Restate exactly the lines that run from the start of the records below to the line containing "All right then", counting both ends, and nothing else; pictures stay out.

(ENTRIES PROVIDED begins)

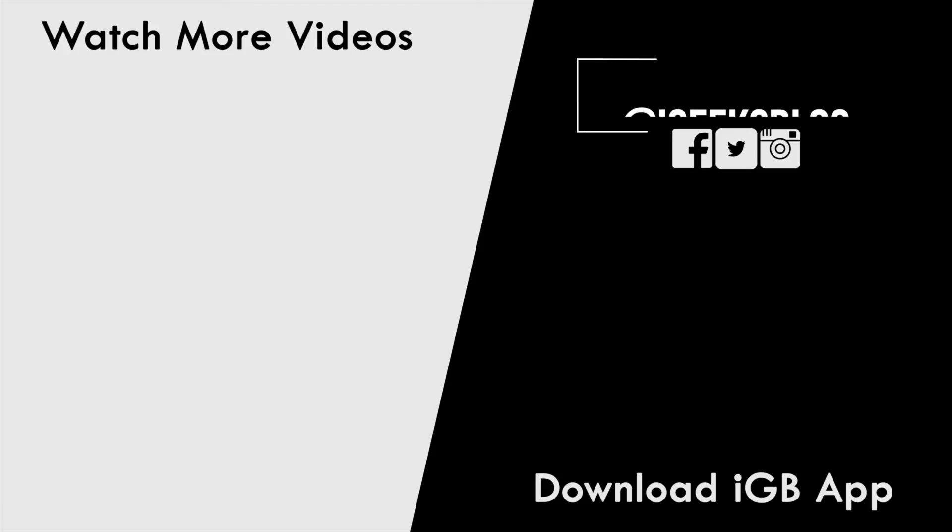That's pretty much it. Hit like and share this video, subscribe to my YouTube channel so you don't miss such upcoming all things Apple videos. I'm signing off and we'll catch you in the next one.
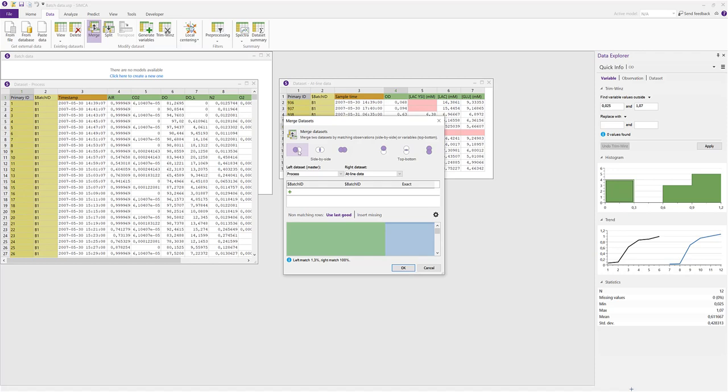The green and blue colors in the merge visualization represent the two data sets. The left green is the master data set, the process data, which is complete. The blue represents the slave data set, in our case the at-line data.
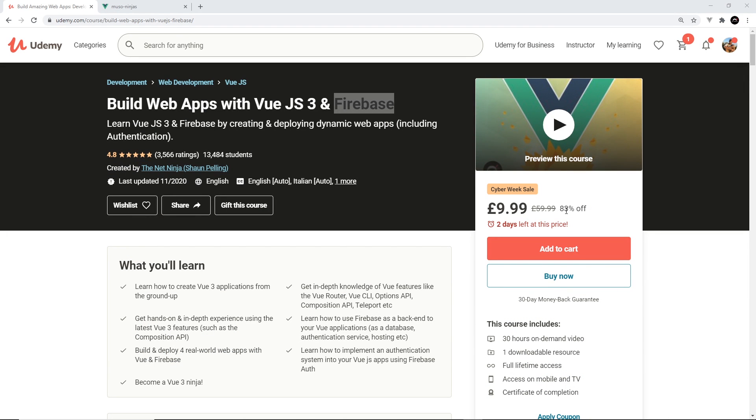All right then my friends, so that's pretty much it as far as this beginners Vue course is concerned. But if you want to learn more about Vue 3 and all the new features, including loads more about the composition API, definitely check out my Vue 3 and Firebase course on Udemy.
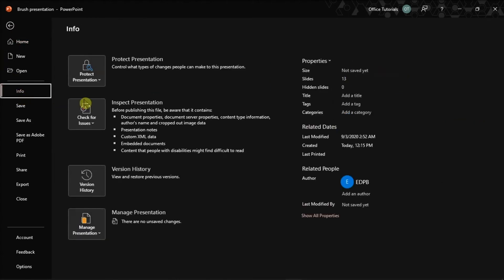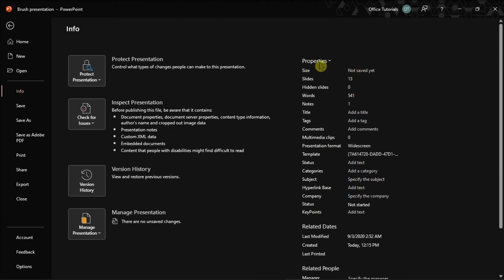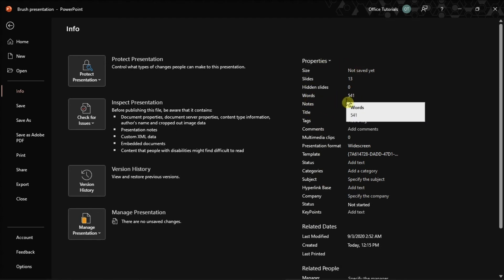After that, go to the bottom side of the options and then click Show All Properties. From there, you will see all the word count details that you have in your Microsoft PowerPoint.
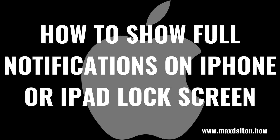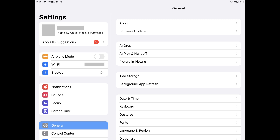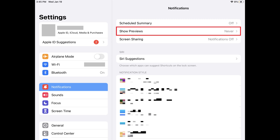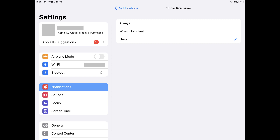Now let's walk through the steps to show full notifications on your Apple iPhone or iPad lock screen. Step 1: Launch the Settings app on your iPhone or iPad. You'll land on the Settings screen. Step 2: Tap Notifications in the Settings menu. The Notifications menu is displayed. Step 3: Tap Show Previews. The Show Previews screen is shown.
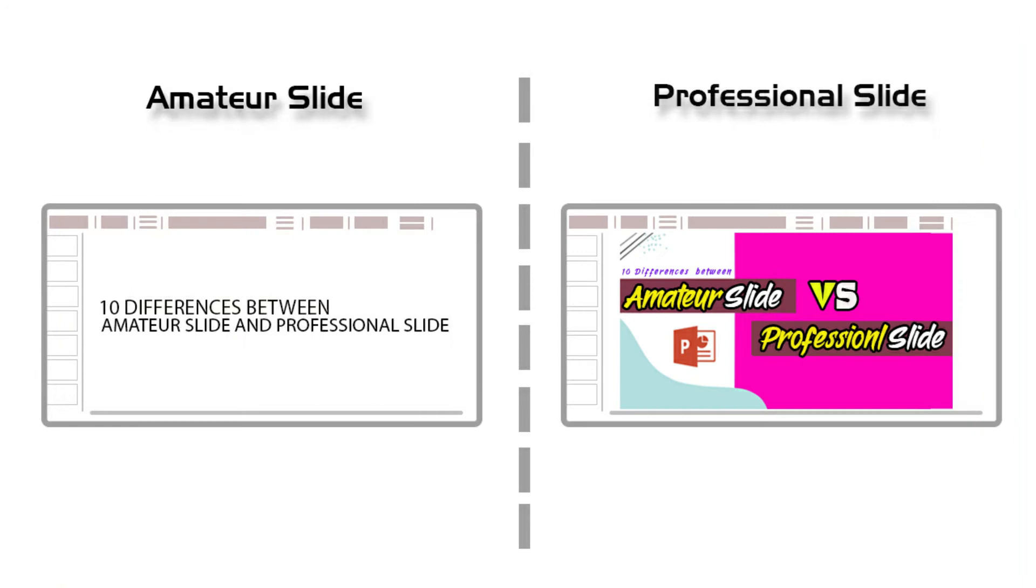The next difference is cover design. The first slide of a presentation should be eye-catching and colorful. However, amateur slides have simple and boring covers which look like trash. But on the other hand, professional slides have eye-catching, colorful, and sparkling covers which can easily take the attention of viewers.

(ENTRIES PROVIDED ends)

#### [PROBLEM SOLUTION]
That's pretty much it. Hit like and share this video, subscribe to my YouTube channel so you don't miss such upcoming all things Apple videos. I'm signing off and we'll catch you in the next one.
The green and blue colors in the merge visualization represent the two data sets. The left green is the master data set, the process data, which is complete. The blue represents the slave data set, in our case the at-line data.
All right then my friends, so that's pretty much it as far as this beginners Vue course is concerned. But if you want to learn more about Vue 3 and all the new features, including loads more about the composition API, definitely check out my Vue 3 and Firebase course on Udemy.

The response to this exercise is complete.